The most common health problem for a foreigner in Benin are different kinds of stomach problems and malaria. The medication against cholera protects from stomach bugs and anti-malaria treatments and insecticides help protecting from malaria. Sometimes stomach problems occur with malaria, so in case of a feverish stomach bug one should always make sure it is not malaria and have it tested. Beninese doctors are used to diagnosing and treating malaria.
The tap water in Grand-Popo is suitable for drinking, but for some it can still cause symptoms if it has not been boiled. In conditions of extreme heat, one should remember to drink at least three litres a day.
Vaccinations needed for Benin: yellow fever (to travel to Benin you need a certificate of the yellow fever vaccination), diphtheria-tetanus, MPR-measles, polio, hepatitis A.
Additional vaccines: hepatitis B, typhoid fever, meningococcus, cholera.
There are three different anti-malaria treatments available in Finland:
Lariam (a pill once a week)
Malarone (a pill every day)
Doxycycline (a pill every day; antibiotic)
You should note that doxycycline is an antibiotic based medicine. It is prescribed by doctors in Finland when wanting to avoid the side effects of Lariam that can sometimes be serious. It is taken daily, same as Malarone, but is cheaper. The problem with doxycycline, however, is that being an antibiotic in itself, it narrows down possible treatments if one actually comes down with malaria. This is why many doctors in Africa do not recommend using it.

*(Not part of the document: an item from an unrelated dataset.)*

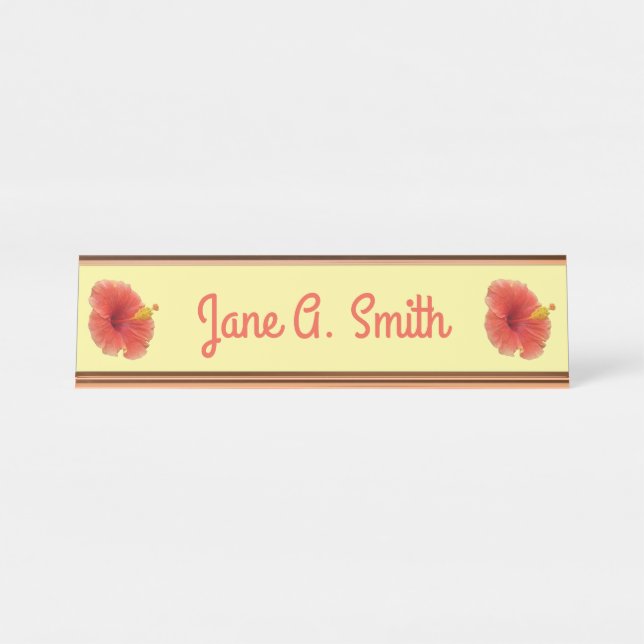 Placa De Mesa Floral Tropical de Laranja Hibiscus (Frente)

You should note that the anti-malaria treatment does not provide a 100% protection against malaria and it is very important to protect oneself with clothes and insect repellent. Remember to attach well your mosquito net under the mattress!
Paracetamol for painkiller (ibuprofen is not recommended in the tropic).
Medications for stomach bugs and diarrhoea (e.g. Imodium: good if you need to travel when you’re sick, lactic acid bacteria: prevent stomach problems and e.g. Osmosal for hydration).
The sun at noon burns the skin quickly, and you should avoid direct sunlight between 11am and 3pm. Sun screen (with at least 30 SPF) helps temporarily, but the best way to protect your skin are protective, light clothes and staying in the shadow.
Doctors and hospitals
The nearby city of Comé has a health centre and a laboratory. You can also have a doctor to come to Grand-Popo. There is also a well-equipped pharmacy in Comé, where you can find anti-malaria medication and antibiotics. In addition to the health centre, the regional hospital is located in Comé.
There is also a health centre in Grand-Popo, and Villa Karo has a medicine cabinet for stomach bugs and minor illnesses.